Eliezer didn’t seem particularly traumatized by his encounter with the Cuban justice system. He was even talking about expanding the bookstore: “I’m looking for a bigger place. I can’t fit everything in here anymore. I told the old couple I need another room, that they should rent me their bedroom. They’re always in the living room—they can just sleep there and give me their room for my books. But they don’t want to. As soon as I find something bigger, I’ll move. I’m going to put up bookshelves and have it all organized.”
“And Maykel?”
“Maykel had a kid but is still hustling around Central Park. His woman lost it. She called him a fag and yelled at him. He told her he did it for her and their son, and there was this whole uproar. Can you imagine? Whoring to support his kid.”
“So he doesn’t come around here?”
“He hasn’t. But you’ve got to meet this other guy, newly arrived from Holguín. He’s like Maykel: blond, blue-eyed, looks like a movie star. He’s got a bicycle taxi, but that’s just an excuse to ride tourists. He comes by every evening. Drop by tomorrow around seven and I’ll introduce you.”
“Another time. I leave for Santiago tomorrow.”
I realized that Eliezer’s world, like Freud’s unconscious mind, was timeless. Eliezer wasn’t fazed in the slightest by announcements of arrivals and departures, news of international flights and travel plans, because he lived in a static world that never changed. All that marked the passage of time were his books, piling up over the weeks and years: grains of sand in a big Havana hourglass. What would happen when the last grain fell?
After that trip, it was years—nearly a decade—before I returned to Havana again, and during that time so much happened: Fidel Castro fell ill and withdrew from politics; Raúl rose to the presidency; private property was legalized and so were cuentapropistas, those small-scale entrepreneurs; Mariela Castro campaigned for LGBT rights.
When I arrived in March 2014, I noticed changes the minute I got into a taxi at the airport. I recalled how, on my first trip, before I’d learned the hand signals, I had been careless enough to ask the driver—a lovely, candid woman in her thirties—what she thought of Fidel Castro.
“Shhh!” she hushed me. The rearview mirror revealed the panic in her eyes. “Don’t say his name.

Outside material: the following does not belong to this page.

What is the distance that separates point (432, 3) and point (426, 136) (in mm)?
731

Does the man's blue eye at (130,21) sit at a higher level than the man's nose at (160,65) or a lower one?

Do this,” she said, using her right hand to stroke a long, imaginary beard, then changed the subject and asked me about life in New York.
But that was then. This time, my taxi driver was a plump, chatty man. Once we had left the airport, I asked: “So, how are things going with Raúl?”
“Raúl?” he growled. “That piece of shit? He just fucked the country more than we were fucked already,” he said as a prelude to launching into a list of complaints that was also a review of the last fifty years of Cuban history. “Angola?” he demanded. “We went over to Angola to fight, and now that they’ve got cash, do you think those ungrateful black bastards remember Cuba? Not so much as a thank you. Do you know how many of us went over there? We went to do a job and to fight for those bastards who are now oil millionaires and don’t even remember socialism. Angola! Then we had to get through the Special Period. And the Russians, who were supposedly our best friends? Do you think the Russians sent a dime? No! We’re practically dying of hunger and it’s as if we don’t exist, after their missiles nearly get us caught up in a world war. Do you think they remember that?”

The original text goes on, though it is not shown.